We stayed in Bon Accord another 2 days, visiting Mansion House again with Charlie and Pauline, and then Charlie and I (and Woody) departed North in the boat after dropping the girls back at Sandspit. They would take the car and rendezvous with us at Marsden Cove Marina, near the Whangarei Heads and because they planned on a typical girls day out (shopping etc), we expected we would probably arrive first, despite it being a four and a half hour sea voyage, as opposed to a 1 hour drive. The voyage takes you across Bream Bay, and you run along a coastline that is quite like that of Lake Michigan, except the hills behind the sand dunes are a lot higher than those around Wisconsin and Michigan, and the other side of our "lake" is 5000NM away in Concepcion, Chile, with nothing in between. Like Michigan, there is a lot of reach for wind to kick the sea up, and we had a 25 knot SE on our stern quarter blowing over a 1.5 - 2 metre swell. This resulted in waves around 1.5 - 2.5 metres (5-7ft) and a pretty uncomfortable ride, although the boat handled it well.

As anticipated, we arrived at Marsden Cove before the girls and even changed berths to one more convenient before they turned up. Marsden Cove is a relatively new marina and is associated with a housing development that became stalled during the recession. There is not a lot of infrastructure or trees around and it is built on a flat plain between some high hills and the sea. As a result, it is fairly exposed to winds from most directions and getting onto the berths proved difficult. Still it is reasonably priced with good facilities and a fine restaurant.

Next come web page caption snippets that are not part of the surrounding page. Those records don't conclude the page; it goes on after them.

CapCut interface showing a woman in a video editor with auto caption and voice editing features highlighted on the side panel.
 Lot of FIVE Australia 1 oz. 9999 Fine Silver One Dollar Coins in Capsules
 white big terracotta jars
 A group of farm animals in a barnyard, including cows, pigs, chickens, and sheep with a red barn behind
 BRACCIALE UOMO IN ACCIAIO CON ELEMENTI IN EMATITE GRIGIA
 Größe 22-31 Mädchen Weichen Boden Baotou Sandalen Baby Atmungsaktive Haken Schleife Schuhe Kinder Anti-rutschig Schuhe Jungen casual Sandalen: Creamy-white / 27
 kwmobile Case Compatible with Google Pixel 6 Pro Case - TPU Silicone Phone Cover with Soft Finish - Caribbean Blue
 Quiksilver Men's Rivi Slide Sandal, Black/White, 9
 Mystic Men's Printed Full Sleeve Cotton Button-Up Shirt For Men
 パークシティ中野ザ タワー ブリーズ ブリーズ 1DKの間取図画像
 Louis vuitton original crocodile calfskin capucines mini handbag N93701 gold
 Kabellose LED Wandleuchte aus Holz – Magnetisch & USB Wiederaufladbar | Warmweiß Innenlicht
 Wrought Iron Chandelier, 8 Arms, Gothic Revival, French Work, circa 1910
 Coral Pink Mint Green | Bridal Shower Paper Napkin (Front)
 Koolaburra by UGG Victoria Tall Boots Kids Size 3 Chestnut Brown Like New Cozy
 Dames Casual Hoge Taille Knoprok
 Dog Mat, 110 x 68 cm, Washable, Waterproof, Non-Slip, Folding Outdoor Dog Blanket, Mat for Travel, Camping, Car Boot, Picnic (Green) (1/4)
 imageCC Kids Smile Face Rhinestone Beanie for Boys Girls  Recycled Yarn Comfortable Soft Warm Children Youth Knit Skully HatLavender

We stayed 2 days and used the opportunity to reprovision, charge the batteries and refill with water. During our housemove, I found I had a residential water meter that had never been used. Originally I planned to sell it on TradeMe and then as scrap, but it wasn't worth much so I decided to keep it on the boat for measuring how much water we use when we are at sea. It turns about to be quite useful as now we know how long our tank water will last. It turns out that we use around 22-25 litres per day per person, so the 800 litres should last us 16 days with just the two of us, and proportionately less as we have guests. We used it over the entire holiday and the findings were pretty consistent throughout.

The next destination was the Bay of Islands, so I will leave that for another posting as this one has rambled on enough.